According to the World Economic Forum report, injection attacks — where fake video gets fed directly into a verification system, bypassing the camera entirely — jumped nearly eight hundred percent in twenty twenty-four. That's not a gradual rise. That's a cliff. And according to Jumio, those attacks kept climbing in twenty twenty-five, up another eighty-eight percent year over year. The trend isn't flattening. It's steepening. What does that look like in practice? According to Biometric Update, a single financial institution in Indonesia recorded over eight thousand attempts to bypass its liveness checks using A.I.-generated deepfake images — in just eight months, between January and August of twenty twenty-five. Eight thousand attempts. One bank. That attack used more than a thousand fraudulent accounts spread across forty-five mobile devices.

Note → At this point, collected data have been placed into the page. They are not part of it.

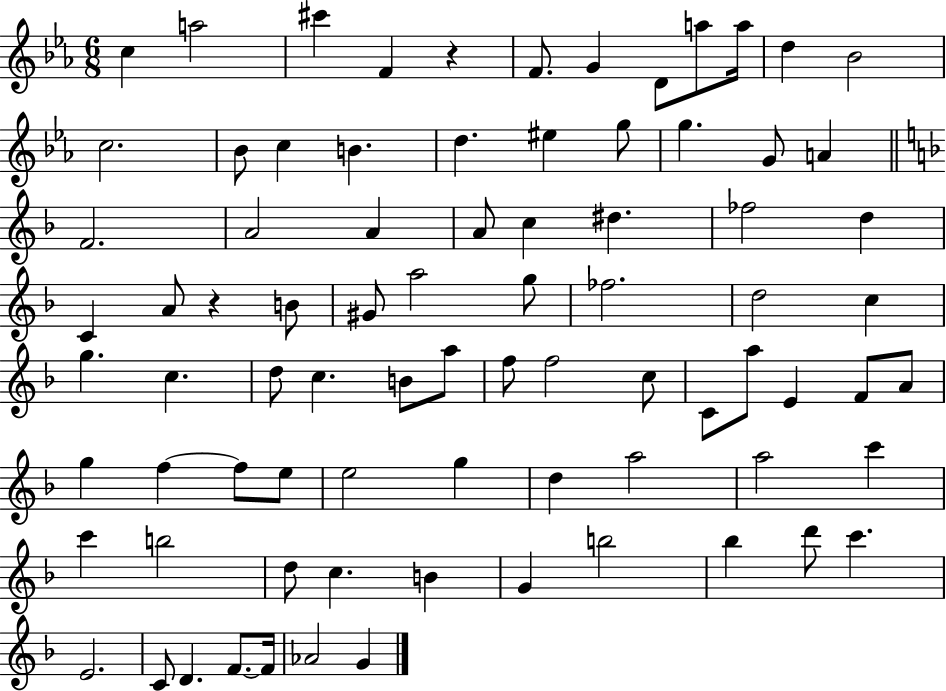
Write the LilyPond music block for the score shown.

{
  \clef treble
  \numericTimeSignature
  \time 6/8
  \key ees \major
  c''4 a''2 | cis'''4 f'4 r4 | f'8. g'4 d'8 a''8 a''16 | d''4 bes'2 | \break c''2. | bes'8 c''4 b'4. | d''4. eis''4 g''8 | g''4. g'8 a'4 | \break \bar "||" \break \key f \major f'2. | a'2 a'4 | a'8 c''4 dis''4. | fes''2 d''4 | \break c'4 a'8 r4 b'8 | gis'8 a''2 g''8 | fes''2. | d''2 c''4 | \break g''4. c''4. | d''8 c''4. b'8 a''8 | f''8 f''2 c''8 | c'8 a''8 e'4 f'8 a'8 | \break g''4 f''4~~ f''8 e''8 | e''2 g''4 | d''4 a''2 | a''2 c'''4 | \break c'''4 b''2 | d''8 c''4. b'4 | g'4 b''2 | bes''4 d'''8 c'''4. | \break e'2. | c'8 d'4. f'8.~~ f'16 | aes'2 g'4 | \bar "|."
} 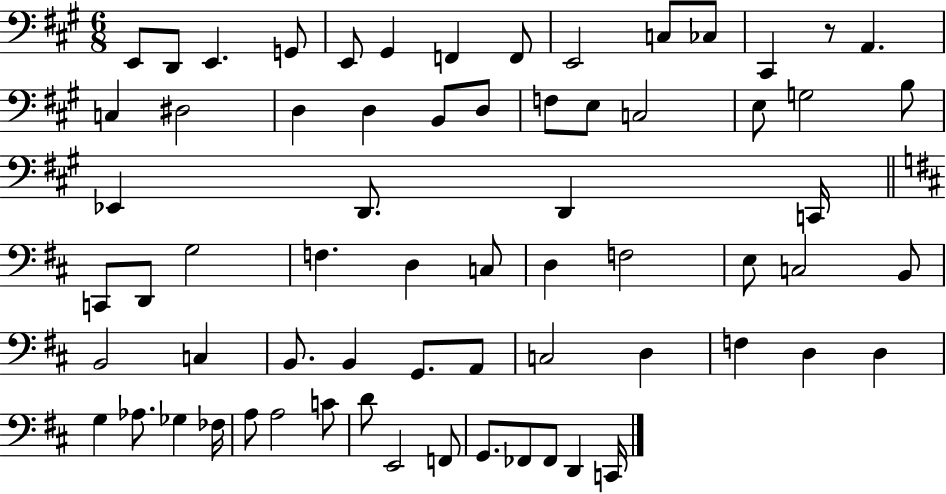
X:1
T:Untitled
M:6/8
L:1/4
K:A
E,,/2 D,,/2 E,, G,,/2 E,,/2 ^G,, F,, F,,/2 E,,2 C,/2 _C,/2 ^C,, z/2 A,, C, ^D,2 D, D, B,,/2 D,/2 F,/2 E,/2 C,2 E,/2 G,2 B,/2 _E,, D,,/2 D,, C,,/4 C,,/2 D,,/2 G,2 F, D, C,/2 D, F,2 E,/2 C,2 B,,/2 B,,2 C, B,,/2 B,, G,,/2 A,,/2 C,2 D, F, D, D, G, _A,/2 _G, _F,/4 A,/2 A,2 C/2 D/2 E,,2 F,,/2 G,,/2 _F,,/2 _F,,/2 D,, C,,/4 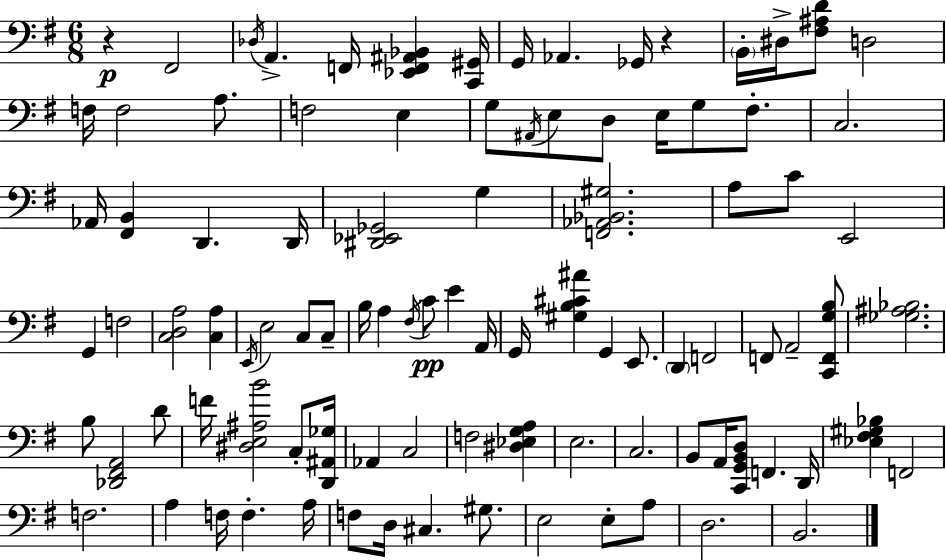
X:1
T:Untitled
M:6/8
L:1/4
K:G
z ^F,,2 _D,/4 A,, F,,/4 [_E,,F,,^A,,_B,,] [C,,^G,,]/4 G,,/4 _A,, _G,,/4 z B,,/4 ^D,/4 [^F,^A,D]/2 D,2 F,/4 F,2 A,/2 F,2 E, G,/2 ^A,,/4 E,/2 D,/2 E,/4 G,/2 ^F,/2 C,2 _A,,/4 [^F,,B,,] D,, D,,/4 [^D,,_E,,_G,,]2 G, [F,,_A,,_B,,^G,]2 A,/2 C/2 E,,2 G,, F,2 [C,D,A,]2 [C,A,] E,,/4 E,2 C,/2 C,/2 B,/4 A, ^F,/4 C/2 E A,,/4 G,,/4 [^G,B,^C^A] G,, E,,/2 D,, F,,2 F,,/2 A,,2 [C,,F,,G,B,]/2 [_G,^A,_B,]2 B,/2 [_D,,^F,,A,,]2 D/2 F/4 [^D,E,^A,B]2 C,/2 [D,,^A,,_G,]/4 _A,, C,2 F,2 [^D,_E,G,A,] E,2 C,2 B,,/2 A,,/4 [C,,G,,B,,D,]/2 F,, D,,/4 [_E,^F,^G,_B,] F,,2 F,2 A, F,/4 F, A,/4 F,/2 D,/4 ^C, ^G,/2 E,2 E,/2 A,/2 D,2 B,,2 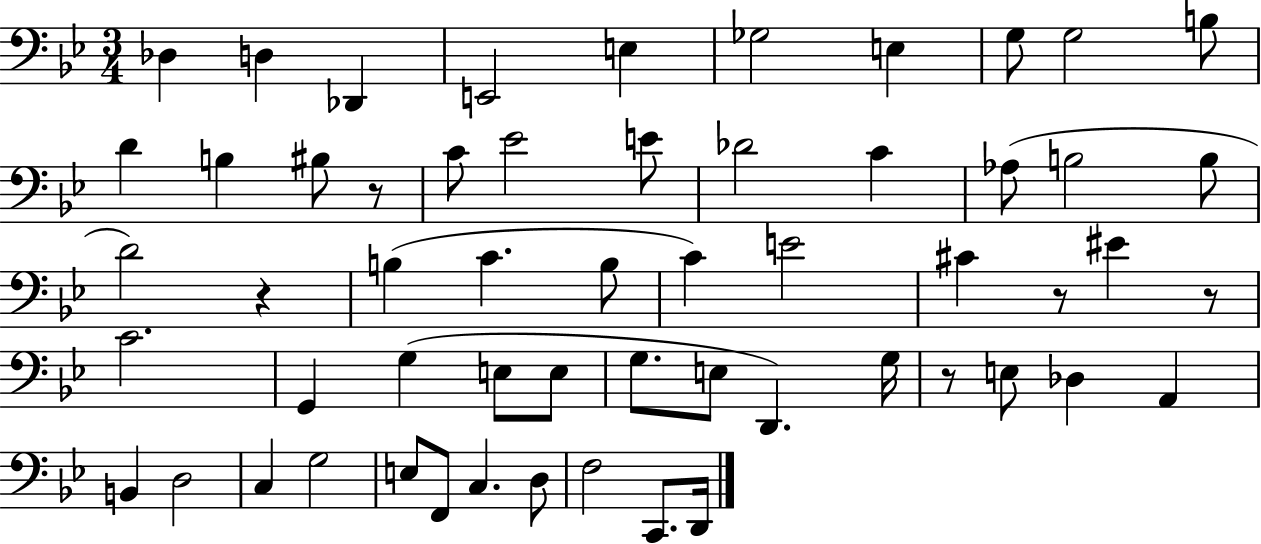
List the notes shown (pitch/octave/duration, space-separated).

Db3/q D3/q Db2/q E2/h E3/q Gb3/h E3/q G3/e G3/h B3/e D4/q B3/q BIS3/e R/e C4/e Eb4/h E4/e Db4/h C4/q Ab3/e B3/h B3/e D4/h R/q B3/q C4/q. B3/e C4/q E4/h C#4/q R/e EIS4/q R/e C4/h. G2/q G3/q E3/e E3/e G3/e. E3/e D2/q. G3/s R/e E3/e Db3/q A2/q B2/q D3/h C3/q G3/h E3/e F2/e C3/q. D3/e F3/h C2/e. D2/s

This isn't a lone hacker in a basement. It's coordinated, scaled fraud.

And the cost of entry has collapsed. According to Sumsub, a ready-made synthetic identity — a fake person with a fake face — costs about fifteen dollars. A custom deepfake runs between ten and fifty dollars. For the price of lunch, someone can build a face that doesn't exist and use it to open a financial account. That means this isn't limited to sophisticated criminal networks anymore. Anyone with a credit card and a motive can try.

Why do regulators keep pushing biometrics as the answer

So why do regulators keep pushing biometrics as the answer? That's the contradiction at the center of all this. Know Your Customer rules — K.Y.C. — require financial institutions to verify that you are who you say you are. And increasingly, that means collecting your face. But according to Signzy, Gartner predicts that by twenty twenty-six, roughly a third of enterprises won't consider face biometric verification reliable on its own. Meanwhile, Coinbase is facing a lawsuit in Illinois for collecting facial scans without consent during K.Y.C., potentially violating the state's Biometric Information Privacy Act. Fines could reach into the millions. So companies are getting sued for collecting the very biometric data that regulators say they need to collect. And the biometric data they're collecting? Deepfakes are engineered to fake it.

The core problem is a question most verification systems never ask. They ask, "Does this face match our records?" They don't ask, "Is a real person actually sitting in front of this camera right now?" Deepfakes exploit that gap. They deliver biometric data that matches — without a real human being present. For anyone who's ever done a video selfie to open an account, that should land hard. The system checked your face. It didn't check whether you were real.

Now, the detection side isn't standing still. Advanced deepfake detection frameworks have reached about ninety-seven percent accuracy under controlled lab conditions. The U.K. Home Office ran a Deepfake Detection Challenge in twenty twenty-four, and top models scored F-one scores above ninety percent on hidden test data. That sounds reassuring — until you consider the gap between a lab and the real world. In deployment, attackers have months to iterate. Systems run unsupervised. And injection attacks bypass the camera entirely, feeding synthetic video straight into the verification pipeline at the A.P.I. layer. Ninety-seven percent in a lab doesn't mean ninety-seven percent on your phone at midnight when no human is watching.